Online transaction fraud is expected to reach $25.6 billion by 2020, up from $10.7 billion last year, according to Juniper Research. This means that by the end of the decade, $4 in every $1,000 of online payments will be fraudulent.

online transaction fraud

The implementation of CHIP and PIN services at POS (Point of Sale) locations in the US is likely to be a key factor driving activity in the online fraud space. The greater security afforded by CHIP and PIN would persuade fraudsters to switch their attention from the in-store environment to the CNP (Card Not Present) space.

The new study identified 3 hot areas for online fraud:

  • eRetail (65% of fraud by value in 2020 – $16.6 billion)
  • Banking (27% – $6.9 billion)
  • Airline ticketing (6% – $1.5 billion).

The study also claimed that eRetail would be particularly susceptible to online fraud, with the value of fraud in this sector increasing at twice that of banking and seven times that of airline ticketing. The research highlighted two key areas for fraud within eRetail: ‘buy-online, pay in-store’ and electronic gift cards.

It argued that the continuing migration to online and mobile shopping, of both digital and physical goods (reaching over $1.7 trillion in 2015) will provide a further incentive for fraudsters to focus their attention on these channels.

Countermeasures provide only temporary respite

Meanwhile, the research claimed that although banks are able to counter online banking fraud by deploying new technologies such as 3D-Secure and device fingerprinting, these measures often only provide temporary respite as fraudsters quickly find new ways to defraud.

Similarly, while extensive efforts by the airline industry to deploy sophisticated Fraud Detection and Prevention (FDP) systems has reduced fraud significantly for some major airlines, this industry has also seen fraudsters shift their focus to other perceived weak spots in the system.

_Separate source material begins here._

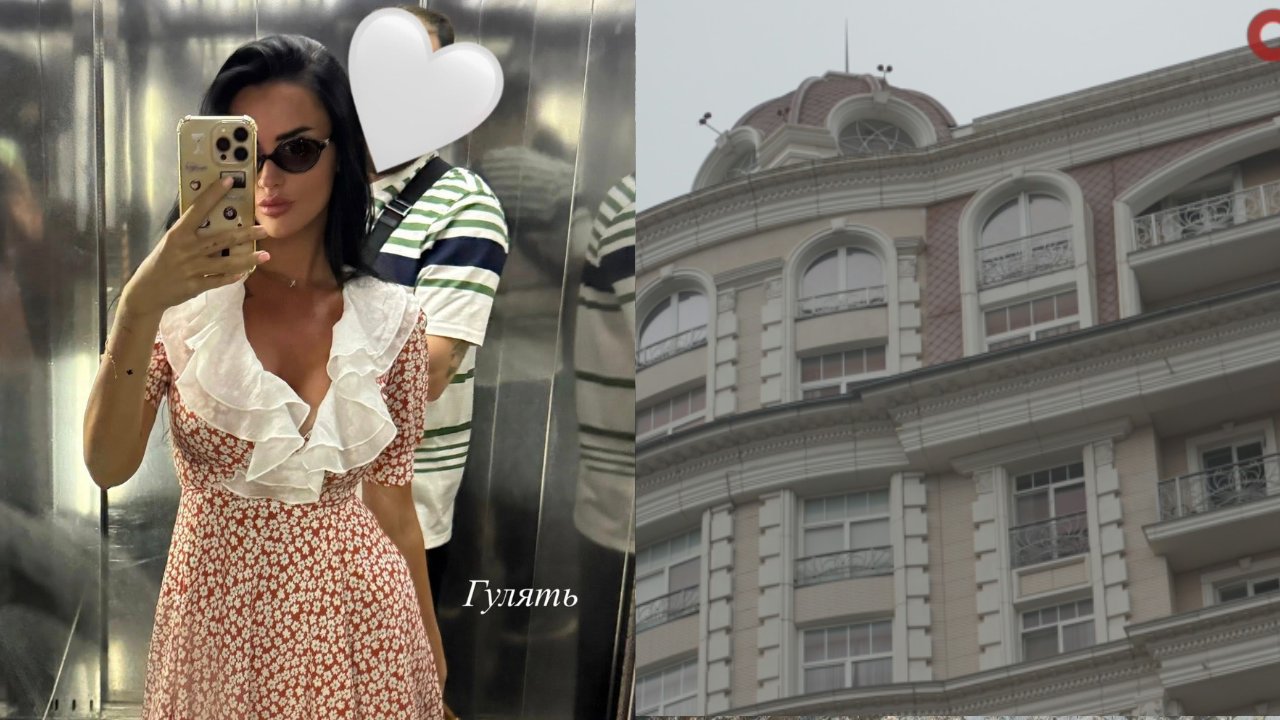 Former Odesa Military Commissar Family Owns 50M UAH Property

“A few larger airlines claim that they have reduced eTicket sales fraud to less than 0.1% or 10 basis points of revenues” said research author Gareth Owen. “When thwarted, however, fraudsters quickly move on to easier pickings such as frequent flyer fraud, for example.”

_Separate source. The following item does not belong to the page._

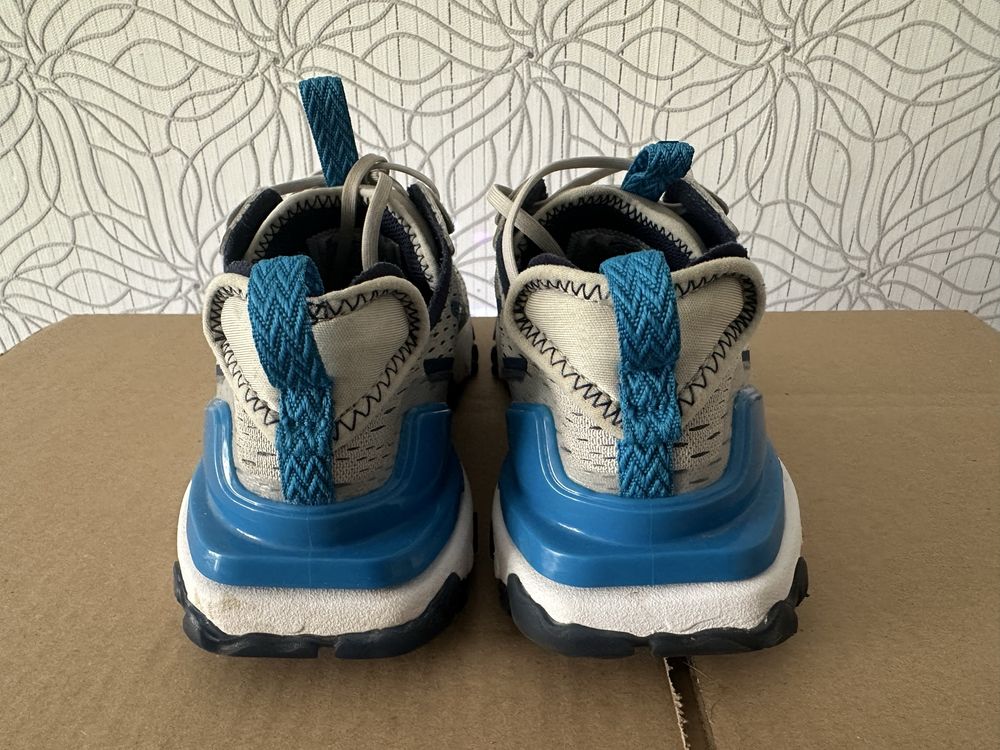 Кросівки Nike React Vision 37.5 р.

“Just like we are moving away from static passwords as the sole means of verification, so must credit cards and Card Verification Values (CVVs) when making online purchases. Fraud can be dramatically reduced if a dynamic verification value is used instead of the static CVV. This dynamic card verification technology is available today on credit cards and mobile. It will bring a high level of trust between the vendor and the consumer who is making the purchase. In order for banks to ensure consumers continue to spend using their credit card, they must show them protecting their data is their number one priority,” Hakan Nordfjell, SVP of eBanking and eCommerce at Gemalto told Help Net Security.